By Carl Delfeld
“You may delay, but time will not.” – Benjamin Franklin
I don’t know how many times I have read and thought about a great idea – only to miss the boat due to inaction.
A good example is missing the 25-percent run by Standard Chartered (OTC: SCBFF.PK) over the last two weeks. This hesitation was despite my conviction that this pink-sheet, blue-chip quality bank (nine consecutive years of up revenue, profits and dividends) was undervalued and poised for a rebound after pulling back 37 percent since May 2011.
A habit of delay can be deadly. The key to breaking it is to take that first small step.
Let’s apply that to emerging markets, which have certainly taken it on the chin lately. During the last three months, the MSCI Emerging Markets Index (AMEX: EEM) is down a hefty 22 percent.
The pullback and volatility are scaring off investors just when they should be getting interested, since these markets are dirt cheap – trading around book value with a dividend yield of five percent.
In addition, as you can see from the chart below, emerging markets are beginning to trend up.
While we wait to see if this favorable trend holds, here’s an easy way for you to make a move.
Why not begin with a basket of emerging market companies that have rich dividends and a history of being less volatile?

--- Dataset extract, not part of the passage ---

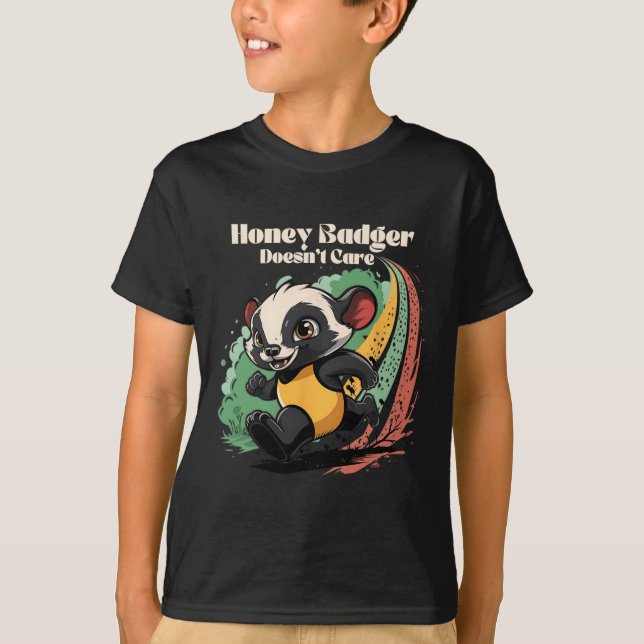T-shirt Honey Badger ne se soucie pas mignon animal Amusan (Devant)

Consider This Bushel of Dividends
This is the recipe for the EGShares Emerging Markets High Income Low Beta ETF (AMEX: HILO). HILO is a basket of 30 companies with a dividend yield of 5.5 percent. It’s well diversified, with 15 percent exposure to wireless telecom and 14 percent to diversified telecom.
Oil and gas, transportation and power producers account for 22 percent, and auto and real estate together make up 10 percent of the basket. These are big companies with an average market value of $11.5 billion.
HILO is a passive ETF designed to provide high income and to be significantly less volatile than the MSCI Emerging Markets Index through the utilization of low beta stocks. HILO is broad based, with exposure to multiple countries and sectors with quarterly income distributions.
No one company can make up more than five percent of the basket, and country exposure is capped at 25 percent. There are no games to produce superior income – HILO doesn’t use any options, derivatives, or leverage in attaining its income distribution.
The country breakdown and the top 10 positions are listed below.
Index Country Breakdown
|(As of 8/4/2011)||Country||Weights (%)|
Top 10 Holdings (Holdings are subject to change.)
|(As of 8/4/2011)||Company (Ticker)||Weights (%)|
|Total Access Communication PLC||5.34|
|Telecomunicacoes de Sao Paulo SA (NYSE:TSP)||5.11|
|Redefine Properties Ltd||4.96|
|Philippine Long Distance Telephone Co (OTC:MAOTF)||4.88|
|Maroc Telecom SA||4.63|
|Telefonos de Mexico SAB de CV (NASDAQ:TFONY)||4.16|
|Cia Energetica de Minas Gerais||3.76|
|Nortel Networks Netas Telekomunikasyon (NYSE:NTL)||3.66|
|HAP Seng Consolidated Bhd||3.64|
It might surprise you to see Malaysia leading the list, but I highlighted in past articles Malaysia’s strengths as a solid middle-income country of 27 million, rich in natural resources, with a strong financial sector and currency.
This profile differs from the MSCI Emerging Market Index, which has Taiwan, Brazil, China, South Korea and South Africa together making up 70 percent of its basket.
Consider HILO if you’re trying to get back into the emerging market game. It offers lower volatility and higher income than other emerging markets ETFs.